Your instructions: Would you transcribe the whole listing exactly, minus its pictures?

Given material:
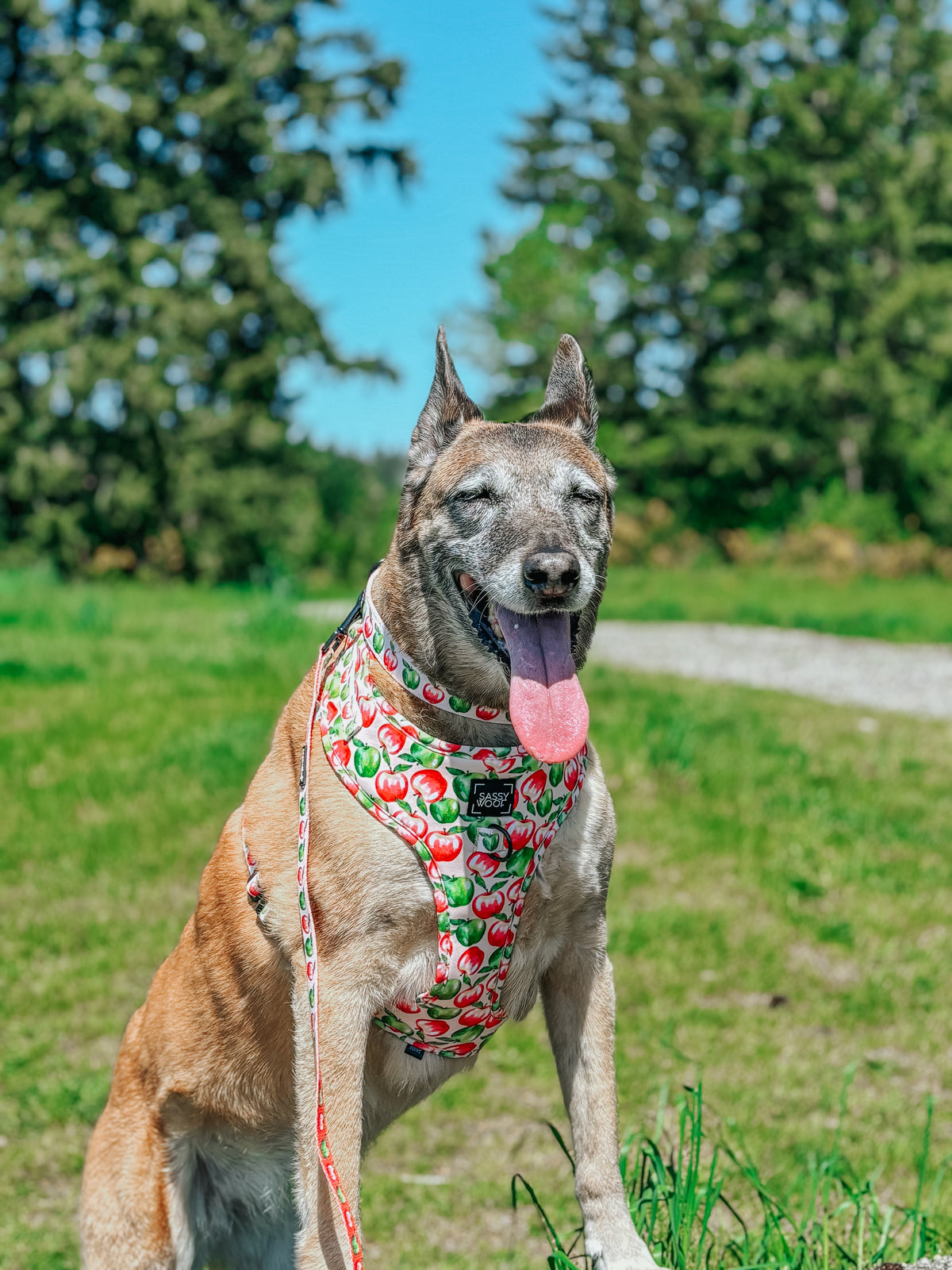 Dog Adjustable Harness - Apple of My Eye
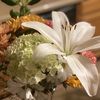 Flor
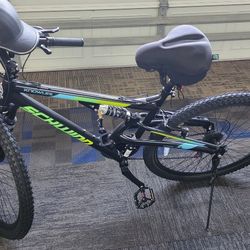 Schwinn Moutain Bike 29 Inch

Solution for this exercise:
 Dog Adjustable Harness - Apple of My Eye
 Flor
 Schwinn Moutain Bike 29 Inch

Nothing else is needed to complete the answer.